Who is at risk from the Kyasanur forest disease?
- People with exposure to rural or outdoor settings (e.g., hunters, campers, forest workers, farmers) are potentially at risk for infection by contact with infected ticks.
How is Kyasanur forest disease diagnosed?
- The diagnosis is made by virus isolation from blood or by serologic testing using enzyme-linked immunosorbent serologic assay (ELISA).
Is Kyasanur forest disease fatal?
- There are approximately 400-500 cases of KFD per year.
- The infection, which starts with high fever and body ache, produces a haemorrhagic reaction in the body, similar to that produced by dengue fever, and has a mortality rate of 5 to 10 per cent.
How can Kyasanur forest disease be prevented?
- There is no specific treatment for KFD, but supportive therapy is important. Supportive therapy includes the maintenance of hydration and the usual precautions for patients with bleeding disorders.
- Utilizing insect repellents and wearing protective clothing in areas where ticks are endemic is recommended.
How Kyasanur forest disease is treated?
- Spearheaded by National Institute of Virology at Pune in India, a vaccine has been made available since 1966.
- Formalin inactivated KFDV vaccine is prepared by growing the virus in chick embryo fibroblast cells by employing modern cell culture techniques. This vaccine is currently used in the endemic areas of KFD.
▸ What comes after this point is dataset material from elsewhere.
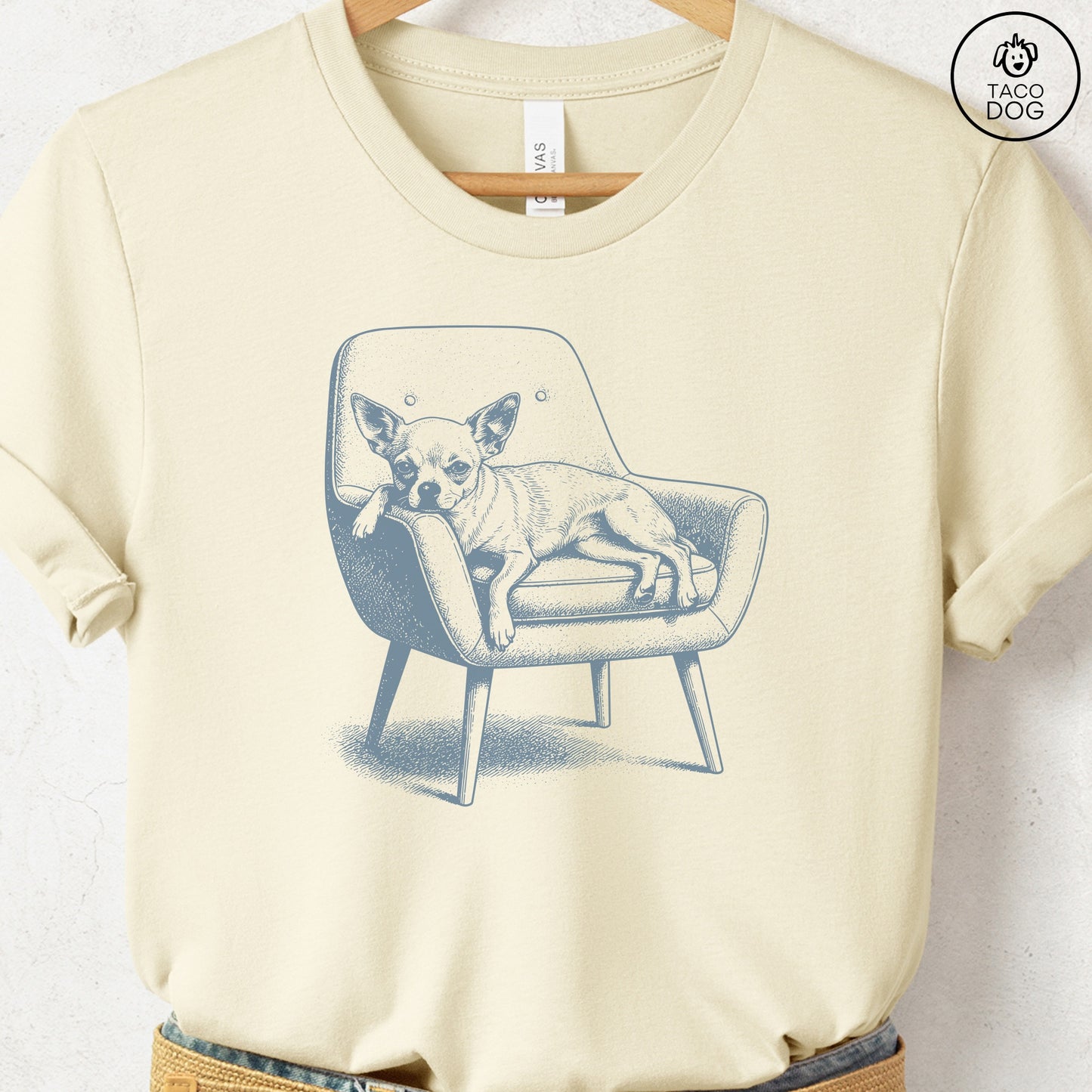 Chihuahua Occupied T-Shirt Natural S Taco-Dog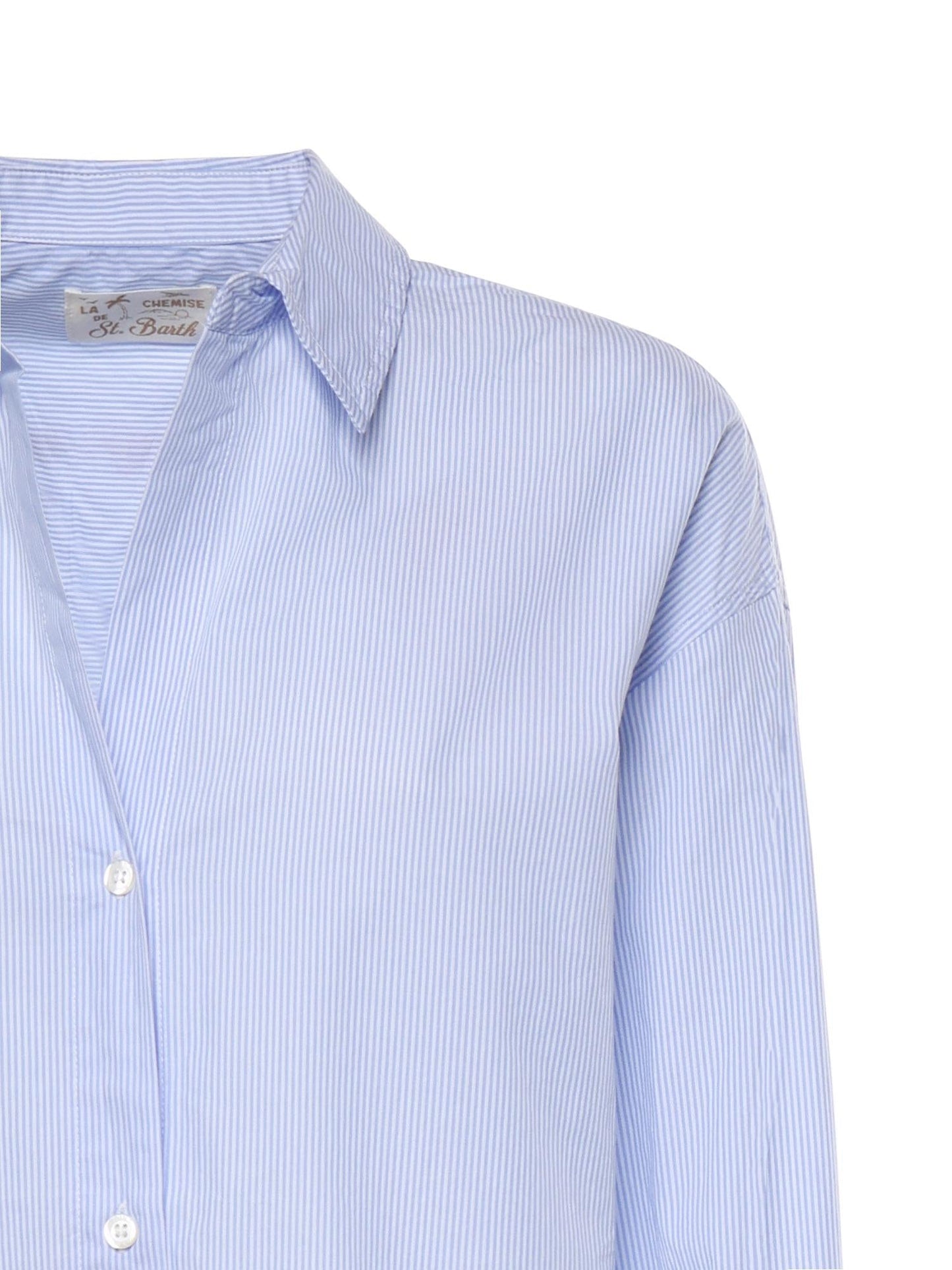 Camicia in cotone a righe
- Over 50 thousand doses of KFDV vaccine are administered annually. Despite this prophylactic effort, reports of large numbers of KFD cases from Karnataka highlights a need for a fresh look into vaccine preparation as well as post-production vaccine handling and overall disease management protocols.
- Though KFD is still an epidemic that threatens periodically, identification of KFDV and development of a largely effective vaccine, is in itself considered to be a success story in Indian science scenario.
- Once infected, timely management is the only treatment, as in the case of dengue fever.